The marginal effects from LPM and logistic regression are shown in the table. Let’s take a look at predicted probabilities from both LPM and logistic regression models:

# prediction from LPM
prob_linear = mod_linear.predict(X) # LPM directly gives probabilites
print(prob_linear) 

plt.figure(figsize=(8, 5))
plt.hist(prob_linear, bins = 30, color="red", edgecolor="black", alpha=0)
plt.xlabel('probability')
plt.ylabel('frequency')
plt.title('Predicted probabilities from LPM')
plt.grid(True, alpha=0.3, linestyle="--")
plt.show()

# predictions from logistic
prob_logit_predict = mod_fit.predict_proba(X) # need to call .predict_proba() to get probabilities from logistic model

plt.figure(figsize=(8,5))
plt.hist(prob_logit_predict[:,1], bins=30, color="steelblue", edgecolor="black", alpha=0.3)
#plt.hist(prob_logit, bins=30, color="red", edgecolor="black", alpha=0.3)
plt.xlabel('probability')
plt.ylabel('frequency')
plt.grid(True, alpha=0.3, linestyle='--')
plt.title('Predicted probabilities from Logistic Regression')
plt.show()

[0.51392851 0.1614878  0.0131093  ... 0.5253499  0.46627795 0.66997023]

png

png

We see that the predicted probabilities from LPM are negative (this can’t happen), whereas those from the logistic model closely mimic the actual probabilities. Hence, if the goal is to attain probabilities then logistic regression is clearly better than LPM.
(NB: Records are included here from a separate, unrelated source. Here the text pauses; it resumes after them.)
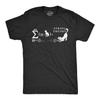 Mens String Theory T Shirt Funny Cat Math Science Nerdy Tee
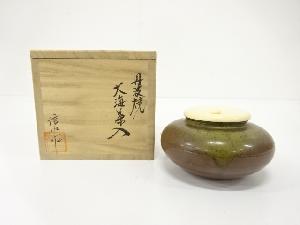 丹波焼　市野信水造　大海茶入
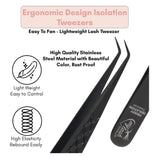 Curved Isolation tweezers eyelash extensions - Cross Edge Corporation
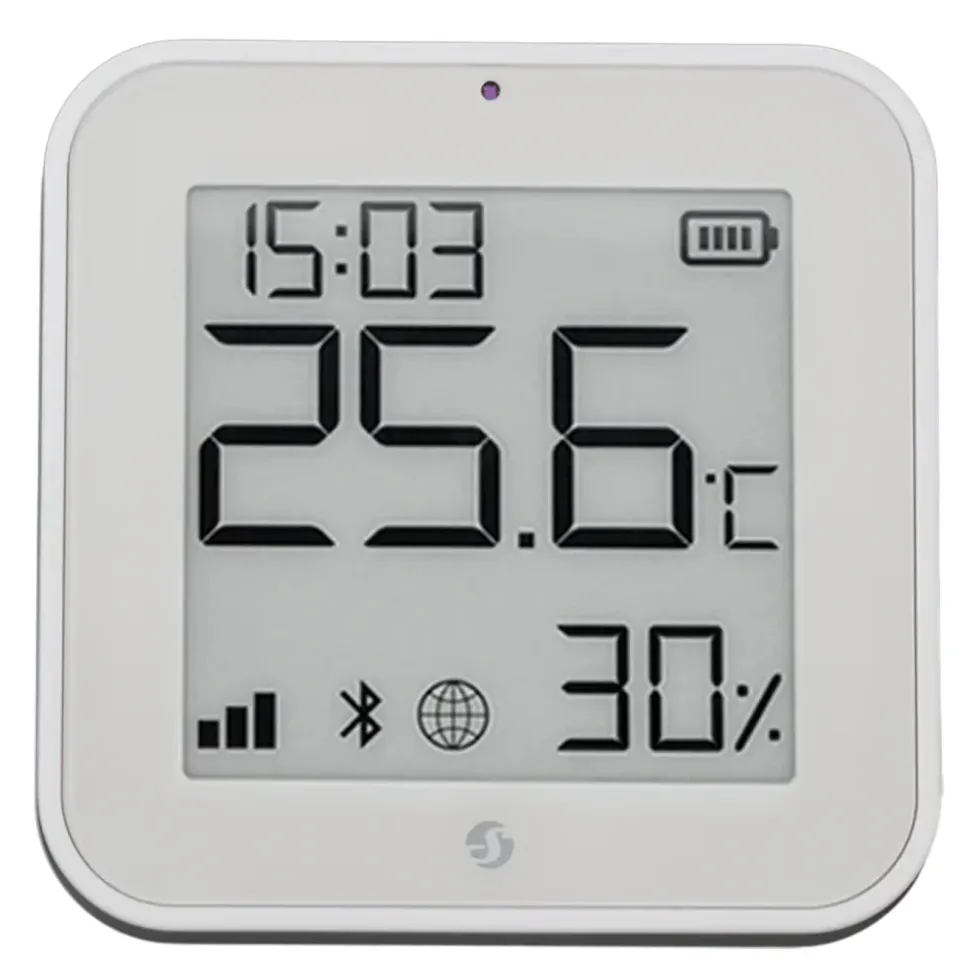 Shelly BLU H&T Display ZB sensor Hvit
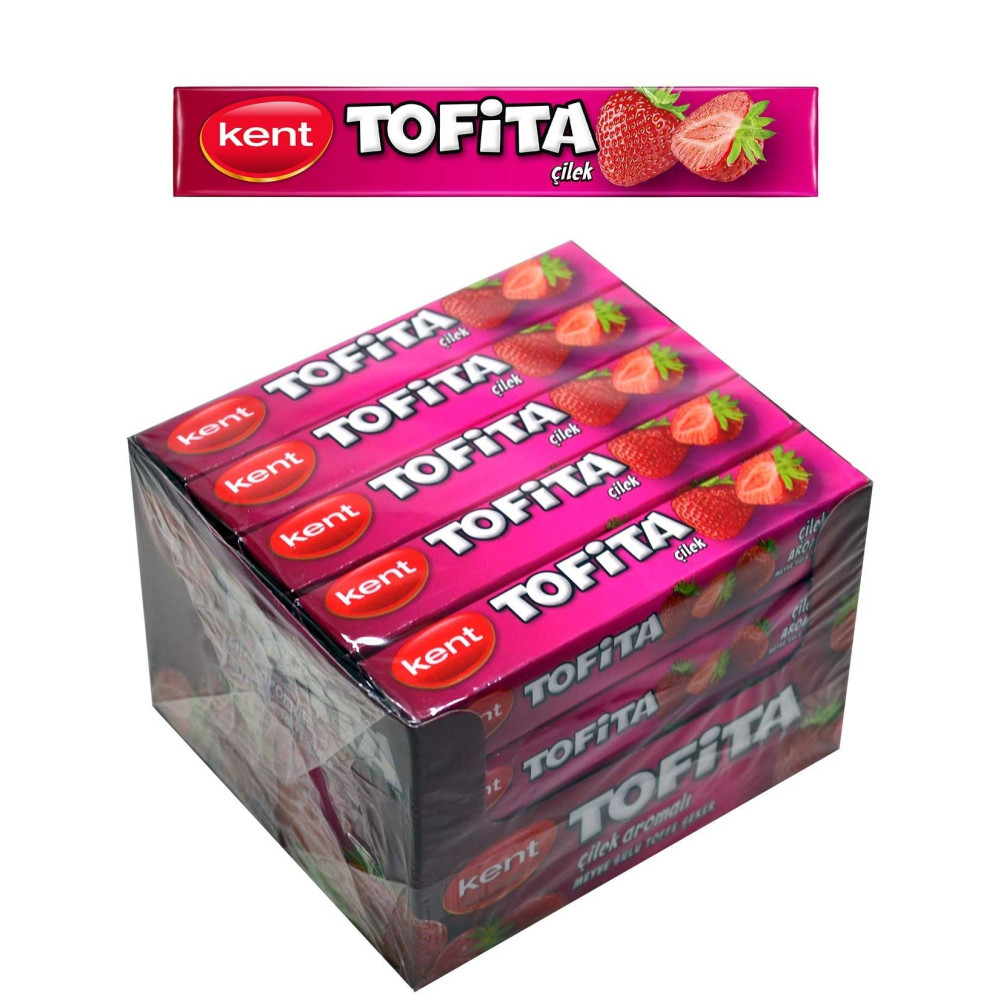 Tofita Şeker 47 gr 20'li Paket Çilek Aromalı Şekerleme Sakız Fiyatı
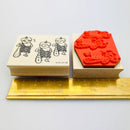 [RiraRira Hanko] Uncle Iwai Setsubun Oni rubber stamp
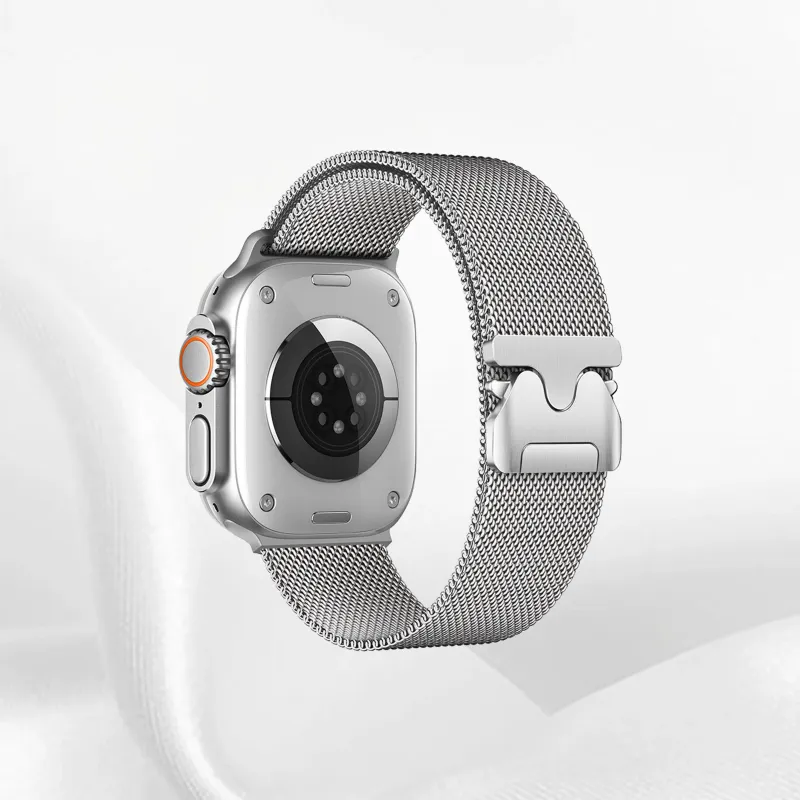 IOTS Watch Band Apple Compatibility 210mm Made Of Steel-3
LPM vs Logistic Regression

From a practitioner’s perspective, one can get by using LPM if the goal is to infer causality alone and you aren’t concerned about predicting probabilities. It is simple, easy to interpret, and will require low computational power. It does mean that you should, but you can get by. However, if the goal is to predict, say probability of the binary outcome, then LPM is a no-go.

In the world of causality, the importance of estimating the probability of someone being treated (vs untreated) cannot be overstated. We know this as propensity scores. Logistic regression can be a good starting model while estimating propensity scores.